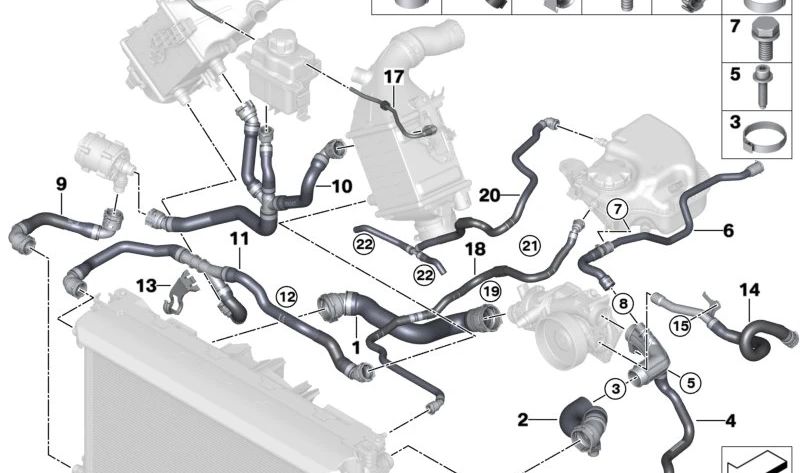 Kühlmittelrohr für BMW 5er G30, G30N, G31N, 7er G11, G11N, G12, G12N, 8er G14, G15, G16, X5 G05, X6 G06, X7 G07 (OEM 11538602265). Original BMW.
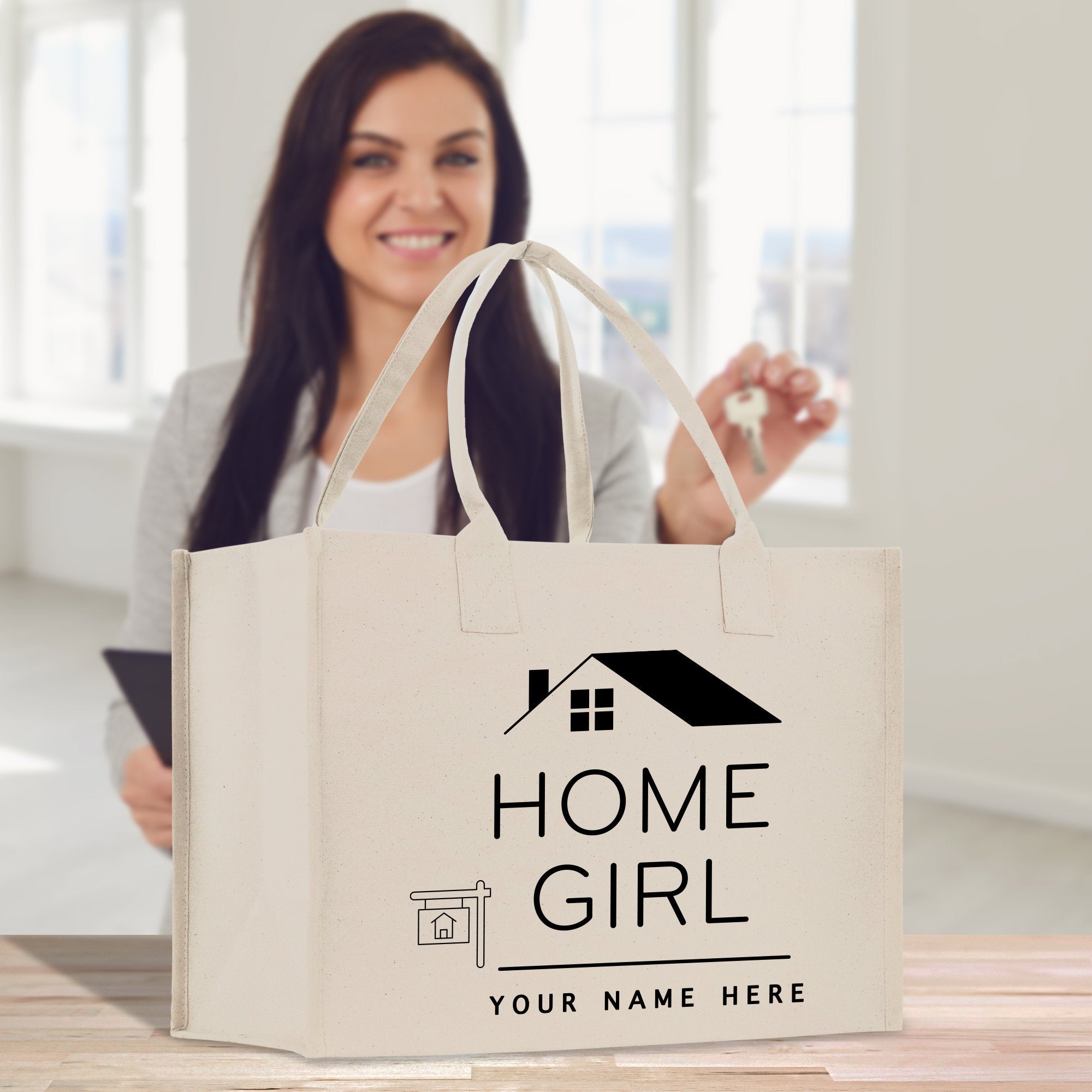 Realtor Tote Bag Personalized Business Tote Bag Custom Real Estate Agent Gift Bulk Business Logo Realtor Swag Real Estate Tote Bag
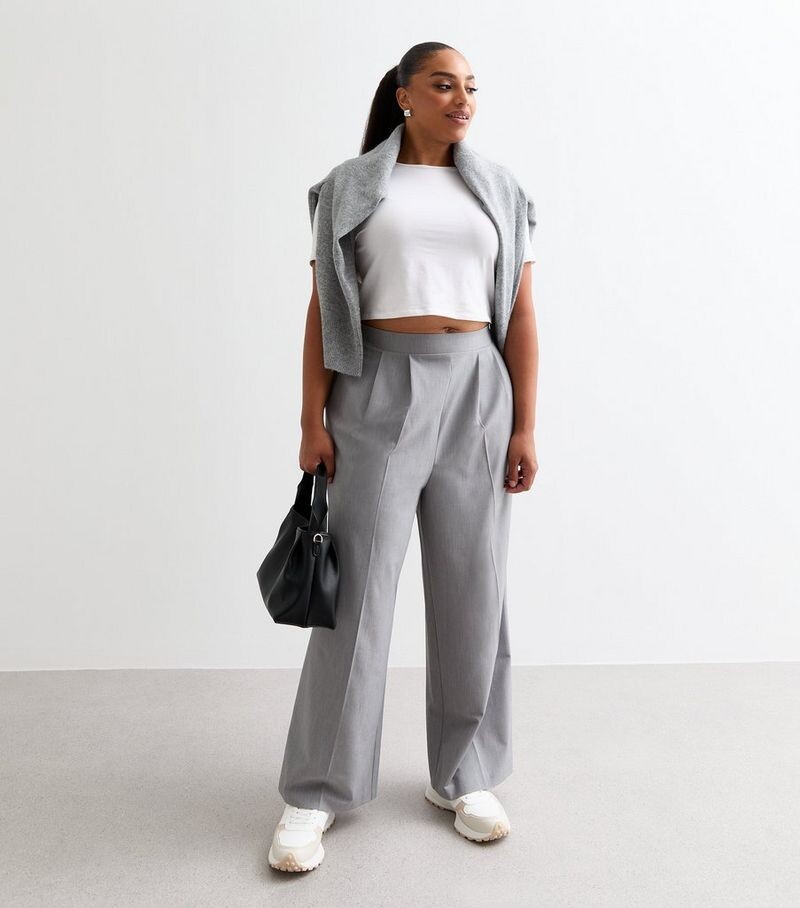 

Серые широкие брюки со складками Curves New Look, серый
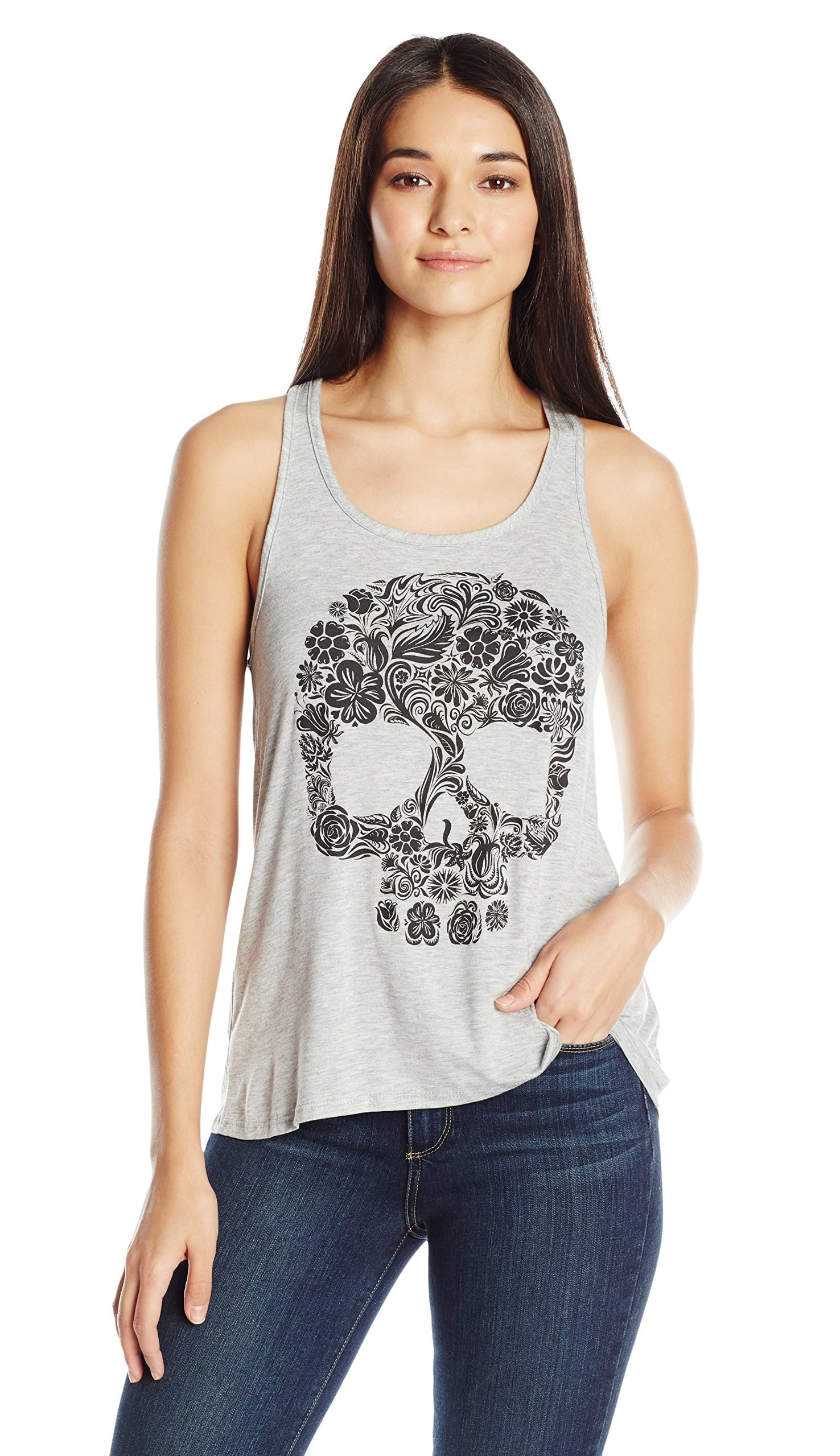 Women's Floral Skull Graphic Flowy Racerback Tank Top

◆ **About this task**: Output the data above in full and exactly, with every image left out.

◆ **Answer**:
 Kühlmittelrohr für BMW 5er G30, G30N, G31N, 7er G11, G11N, G12, G12N, 8er G14, G15, G16, X5 G05, X6 G06, X7 G07 (OEM 11538602265). Original BMW.
 Realtor Tote Bag Personalized Business Tote Bag Custom Real Estate Agent Gift Bulk Business Logo Realtor Swag Real Estate Tote Bag

Серые широкие брюки со складками Curves New Look, серый
 Women's Floral Skull Graphic Flowy Racerback Tank Top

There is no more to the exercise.